WHAT TO WORK ON: In the material below, find the line that contains "Cambuslang Nisa to" and the line that contains "Load image into", then write out exactly those two lines and everything between them.

RECORDS SHOWN:
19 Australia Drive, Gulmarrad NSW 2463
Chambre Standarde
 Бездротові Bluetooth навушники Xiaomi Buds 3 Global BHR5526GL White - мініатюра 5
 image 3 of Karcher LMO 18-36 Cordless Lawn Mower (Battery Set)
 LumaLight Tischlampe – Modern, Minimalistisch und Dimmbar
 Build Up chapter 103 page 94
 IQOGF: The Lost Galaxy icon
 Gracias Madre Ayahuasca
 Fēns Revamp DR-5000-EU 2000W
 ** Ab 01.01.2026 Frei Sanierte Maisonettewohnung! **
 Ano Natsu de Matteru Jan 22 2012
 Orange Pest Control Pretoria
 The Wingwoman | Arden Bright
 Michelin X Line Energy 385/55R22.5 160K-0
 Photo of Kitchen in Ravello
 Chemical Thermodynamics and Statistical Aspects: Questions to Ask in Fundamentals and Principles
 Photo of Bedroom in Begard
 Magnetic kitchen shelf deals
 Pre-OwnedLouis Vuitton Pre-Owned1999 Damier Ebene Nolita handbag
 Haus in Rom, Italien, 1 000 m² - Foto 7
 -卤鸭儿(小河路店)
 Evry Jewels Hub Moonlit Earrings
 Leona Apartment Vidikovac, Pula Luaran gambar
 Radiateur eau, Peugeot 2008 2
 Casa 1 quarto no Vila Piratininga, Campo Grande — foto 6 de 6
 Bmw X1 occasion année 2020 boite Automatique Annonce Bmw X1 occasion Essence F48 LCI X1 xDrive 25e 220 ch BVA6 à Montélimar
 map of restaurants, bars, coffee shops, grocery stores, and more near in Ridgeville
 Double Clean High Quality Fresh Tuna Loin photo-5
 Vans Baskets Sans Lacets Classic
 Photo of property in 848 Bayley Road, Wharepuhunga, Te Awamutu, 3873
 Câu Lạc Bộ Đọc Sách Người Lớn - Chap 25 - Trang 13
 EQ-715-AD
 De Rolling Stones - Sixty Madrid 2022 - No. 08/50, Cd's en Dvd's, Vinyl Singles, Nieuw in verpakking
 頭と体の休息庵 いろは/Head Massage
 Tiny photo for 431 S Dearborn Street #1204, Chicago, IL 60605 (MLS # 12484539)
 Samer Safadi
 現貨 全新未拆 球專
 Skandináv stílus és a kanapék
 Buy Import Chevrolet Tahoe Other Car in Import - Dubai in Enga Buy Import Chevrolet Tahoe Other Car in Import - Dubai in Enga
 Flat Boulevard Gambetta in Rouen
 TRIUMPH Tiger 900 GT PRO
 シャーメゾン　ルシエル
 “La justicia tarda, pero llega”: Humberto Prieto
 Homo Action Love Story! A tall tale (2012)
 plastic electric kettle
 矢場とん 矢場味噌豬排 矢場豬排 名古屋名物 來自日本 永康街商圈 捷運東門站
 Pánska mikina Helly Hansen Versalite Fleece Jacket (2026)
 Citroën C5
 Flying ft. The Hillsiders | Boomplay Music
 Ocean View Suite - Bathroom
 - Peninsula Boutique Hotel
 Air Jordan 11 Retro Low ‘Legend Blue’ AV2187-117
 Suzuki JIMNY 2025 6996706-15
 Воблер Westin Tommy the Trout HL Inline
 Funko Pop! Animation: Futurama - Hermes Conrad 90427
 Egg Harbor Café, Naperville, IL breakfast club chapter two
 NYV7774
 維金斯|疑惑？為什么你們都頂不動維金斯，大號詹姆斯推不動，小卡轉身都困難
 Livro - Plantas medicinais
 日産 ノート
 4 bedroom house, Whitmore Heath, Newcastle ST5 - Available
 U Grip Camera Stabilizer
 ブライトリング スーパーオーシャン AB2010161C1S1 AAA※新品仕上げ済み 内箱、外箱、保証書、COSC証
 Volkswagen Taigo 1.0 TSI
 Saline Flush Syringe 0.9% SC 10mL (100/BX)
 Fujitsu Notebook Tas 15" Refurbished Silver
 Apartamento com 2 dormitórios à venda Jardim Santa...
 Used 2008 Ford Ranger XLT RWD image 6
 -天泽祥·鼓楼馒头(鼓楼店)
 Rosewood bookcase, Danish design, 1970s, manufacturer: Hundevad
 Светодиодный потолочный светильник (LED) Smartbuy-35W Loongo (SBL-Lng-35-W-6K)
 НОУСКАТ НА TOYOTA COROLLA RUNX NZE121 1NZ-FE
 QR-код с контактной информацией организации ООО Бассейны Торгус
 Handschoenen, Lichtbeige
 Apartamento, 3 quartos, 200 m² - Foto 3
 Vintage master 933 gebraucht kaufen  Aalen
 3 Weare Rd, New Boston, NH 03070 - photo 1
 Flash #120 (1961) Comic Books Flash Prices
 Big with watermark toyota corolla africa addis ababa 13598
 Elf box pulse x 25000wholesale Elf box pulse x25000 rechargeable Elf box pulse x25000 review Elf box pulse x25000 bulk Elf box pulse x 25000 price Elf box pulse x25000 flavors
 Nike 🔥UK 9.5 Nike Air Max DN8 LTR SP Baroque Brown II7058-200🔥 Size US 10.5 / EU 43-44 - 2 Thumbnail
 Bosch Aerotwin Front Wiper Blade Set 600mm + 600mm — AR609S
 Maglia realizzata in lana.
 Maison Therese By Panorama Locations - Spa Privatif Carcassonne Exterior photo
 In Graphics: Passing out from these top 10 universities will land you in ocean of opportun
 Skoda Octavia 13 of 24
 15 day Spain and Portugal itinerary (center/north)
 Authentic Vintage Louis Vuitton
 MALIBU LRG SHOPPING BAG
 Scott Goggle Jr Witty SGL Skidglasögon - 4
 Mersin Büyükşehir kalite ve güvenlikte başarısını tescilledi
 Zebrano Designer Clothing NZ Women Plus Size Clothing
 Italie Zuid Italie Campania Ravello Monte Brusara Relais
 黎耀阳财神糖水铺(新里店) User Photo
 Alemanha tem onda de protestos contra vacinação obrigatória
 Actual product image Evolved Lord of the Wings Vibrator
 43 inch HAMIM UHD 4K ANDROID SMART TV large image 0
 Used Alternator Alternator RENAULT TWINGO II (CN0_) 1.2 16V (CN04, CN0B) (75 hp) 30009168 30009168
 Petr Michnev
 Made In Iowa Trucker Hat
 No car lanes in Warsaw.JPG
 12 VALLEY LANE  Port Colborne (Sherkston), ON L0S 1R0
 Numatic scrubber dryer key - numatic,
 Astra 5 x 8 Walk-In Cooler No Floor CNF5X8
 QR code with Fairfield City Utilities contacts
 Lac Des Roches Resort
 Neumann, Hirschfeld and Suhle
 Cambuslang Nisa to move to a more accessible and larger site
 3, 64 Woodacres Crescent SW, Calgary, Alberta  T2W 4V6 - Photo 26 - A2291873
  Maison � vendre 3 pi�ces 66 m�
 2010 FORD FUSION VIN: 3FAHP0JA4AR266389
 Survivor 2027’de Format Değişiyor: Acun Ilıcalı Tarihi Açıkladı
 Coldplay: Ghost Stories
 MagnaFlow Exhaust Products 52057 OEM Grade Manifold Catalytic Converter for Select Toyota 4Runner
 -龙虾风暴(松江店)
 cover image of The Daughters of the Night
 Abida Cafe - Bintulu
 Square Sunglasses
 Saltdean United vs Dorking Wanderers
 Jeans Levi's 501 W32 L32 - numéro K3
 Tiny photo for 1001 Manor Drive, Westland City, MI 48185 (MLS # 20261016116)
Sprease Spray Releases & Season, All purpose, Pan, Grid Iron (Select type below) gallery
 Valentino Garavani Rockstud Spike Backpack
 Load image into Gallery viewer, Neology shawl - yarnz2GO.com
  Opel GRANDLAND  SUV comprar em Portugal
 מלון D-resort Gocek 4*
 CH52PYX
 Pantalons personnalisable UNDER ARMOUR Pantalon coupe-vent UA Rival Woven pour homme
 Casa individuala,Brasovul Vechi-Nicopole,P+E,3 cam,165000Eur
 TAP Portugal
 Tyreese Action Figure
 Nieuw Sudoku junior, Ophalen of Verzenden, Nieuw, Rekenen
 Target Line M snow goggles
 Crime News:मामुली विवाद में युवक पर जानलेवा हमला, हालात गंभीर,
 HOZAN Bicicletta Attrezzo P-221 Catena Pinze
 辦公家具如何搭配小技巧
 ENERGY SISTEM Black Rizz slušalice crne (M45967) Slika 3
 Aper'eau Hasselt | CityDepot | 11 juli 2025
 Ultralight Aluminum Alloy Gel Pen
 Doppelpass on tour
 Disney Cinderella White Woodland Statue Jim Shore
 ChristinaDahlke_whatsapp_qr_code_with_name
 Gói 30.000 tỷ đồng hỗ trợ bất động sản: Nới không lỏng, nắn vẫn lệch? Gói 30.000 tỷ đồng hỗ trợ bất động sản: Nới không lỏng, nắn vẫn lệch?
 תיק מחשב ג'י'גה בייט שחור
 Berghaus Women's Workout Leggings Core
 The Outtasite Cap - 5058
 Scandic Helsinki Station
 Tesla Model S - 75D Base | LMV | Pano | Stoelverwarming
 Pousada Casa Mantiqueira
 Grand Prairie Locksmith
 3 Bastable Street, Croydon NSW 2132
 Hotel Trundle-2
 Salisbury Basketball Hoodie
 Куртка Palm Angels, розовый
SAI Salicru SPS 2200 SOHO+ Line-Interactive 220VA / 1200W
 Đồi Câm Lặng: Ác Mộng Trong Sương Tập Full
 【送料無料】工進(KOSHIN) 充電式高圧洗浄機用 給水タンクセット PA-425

REPLY:
 Cambuslang Nisa to move to a more accessible and larger site
 3, 64 Woodacres Crescent SW, Calgary, Alberta  T2W 4V6 - Photo 26 - A2291873
  Maison � vendre 3 pi�ces 66 m�
 2010 FORD FUSION VIN: 3FAHP0JA4AR266389
 Survivor 2027’de Format Değişiyor: Acun Ilıcalı Tarihi Açıkladı
 Coldplay: Ghost Stories
 MagnaFlow Exhaust Products 52057 OEM Grade Manifold Catalytic Converter for Select Toyota 4Runner
 -龙虾风暴(松江店)
 cover image of The Daughters of the Night
 Abida Cafe - Bintulu
 Square Sunglasses
 Saltdean United vs Dorking Wanderers
 Jeans Levi's 501 W32 L32 - numéro K3
 Tiny photo for 1001 Manor Drive, Westland City, MI 48185 (MLS # 20261016116)
Sprease Spray Releases & Season, All purpose, Pan, Grid Iron (Select type below) gallery
 Valentino Garavani Rockstud Spike Backpack
 Load image into Gallery viewer, Neology shawl - yarnz2GO.com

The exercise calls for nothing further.